L’état de santé de Sambi
Les faits sont clairs. Il y a plus d’un an son médecin avait sollicité son déplacement à l’étranger, le juge d’instruction l’avait accepté. Cela ne s’est pas fait ! Interférence du pouvoir.
Ces derniers temps, sa situation s’est aggravée. La demande de transfert à l’étranger a été précisée : des examens coronariens, procédures médicales spécialisées indisponibles aux Comores. Le parquet, dans une démarche qui se voulait apparemment régulière, a mandaté un collège d’experts médicaux pour statuer sur cette demande.
Mais voilà que le collège d’experts confirme, sans équivoque, les préconisations du médecin traitant. La nécessité médicale du déplacement était établie. Mais cette conclusion ne convenait pas. Plutôt que de respecter l’avis des experts qu’il avait lui-même désignés, le parquet s’est trouvé un médecin pour infirmer les préconisations du collège d’experts.
Un système qui gouverne par la force
Pour faire avaler la pilule, le procureur de la République a tenu une conférence de presse dilatoire. Au lieu de s’expliquer sur les raisons du rejet des conclusions du collège d’experts, il s’est livré à un éloge appuyé des conditions d’emprisonnement de M. Sambi. Une diversion qui ne trompe personne. Une arrogante face à l’opinion publique insupportable.
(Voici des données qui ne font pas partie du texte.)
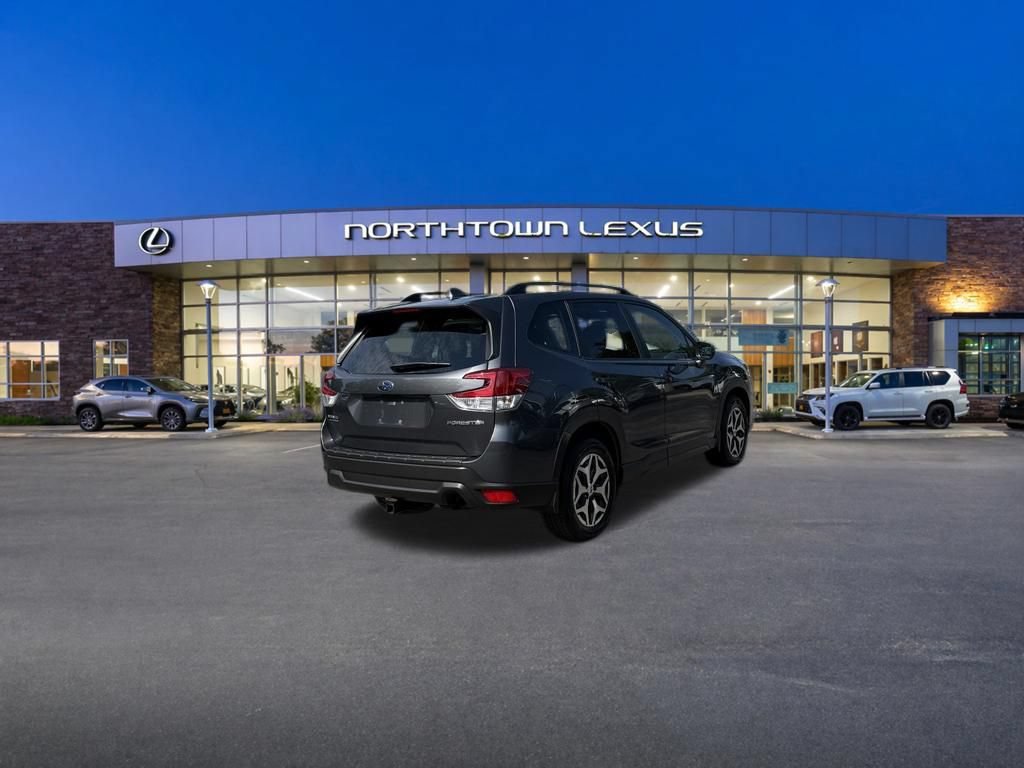 Used 2020 Subaru Forester Premium AWD/4WD image 22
Ces genres de subterfuges qui ne reposent sur rien, qui affiche un mépris insolent envers les citoyens ne peuvent pas cacher une gouvernance basée sur la force des militaires. Cette affaire dépasse donc largement le cas personnel de l’ancien président. Elle illustre une méthode de gouvernement où le pouvoir agit à sa guise, sans respect pour les lois ni pour les citoyens, un pouvoir qui s’impose par la repressions.
La question que tout un chacun se pose : les Comoriens vont-ils attendre passivement ce qu’il faut bien appeler un « assassinat à petit feu » comme l’a souligné une fille de Sambi ? Ou bien dans un sursaut salutaire, le président Azali, qui se pose en Imam, fera preuve de compassion et clémence. C’est l’avenir qui nous le dira.